The U.S. Forest Service is considering rules for the George Washington National Forest in Virginia and West Virginia that may restrict the technique, known as fracking, on some lands. Limits would needlessly stunt job creation, said Maureen Matsen, a Virginia senior energy adviser, in testimony prepared for a joint hearing today of the House Agriculture Committee and House Natural Resources Committee subcommittees that oversee federal lands.
Fracking, which injects chemicals and water into rock formations to free trapped natural gas, has been criticized by environmental groups as a risk to safe drinking water. In combination with improved horizontal-drilling methods, it has let producers extract fuel from shale formations in Texas, Louisiana, Arkansas and Pennsylvania once considered impenetrable.

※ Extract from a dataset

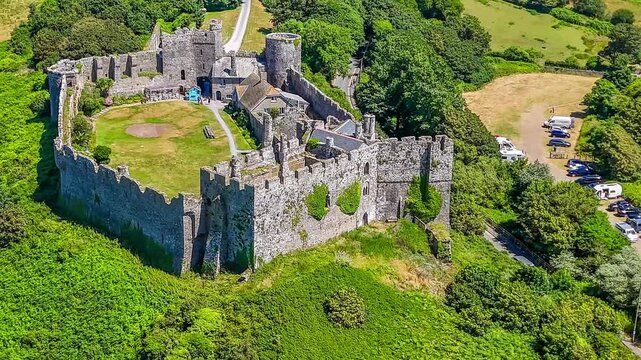 A close in rotating aerial view around the old Norman castle ruins at the seaside resort of Manorbier, South Wales in summertime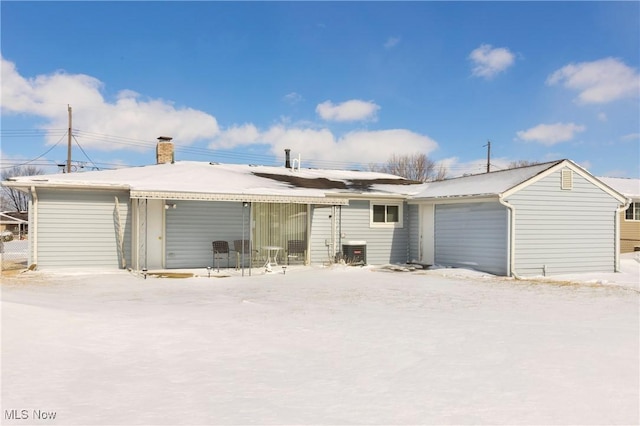 view of snow covered property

“There have been no documented instances of surface water or groundwater degradation from fracking in Virginia,” Matsen said in her statement.
The federal Bureau of Land Management is considering regulation of the practice on public lands. Final results from a U.S. Environmental Protection Agency study of fracking’s effects on drinking water aren’t expected until 2014, the agency has said.
The BLM understands the importance of energy exploration while staying mindful of environmental needs, said Bob Abbey, the director of the Bureau of Land Management.
“Development of conventional energy resources from BLM-managed public lands will continue to play a critical role in meeting the nation’s energy needs,” he said in testimony.
Also scheduled to testify are Joel Holtrop, the deputy chief of the U.S. Forest Service, as well as David Miller, the standards director of the American Petroleum Institute and Amy Mall, an analyst with the Natural Resources Defense Council.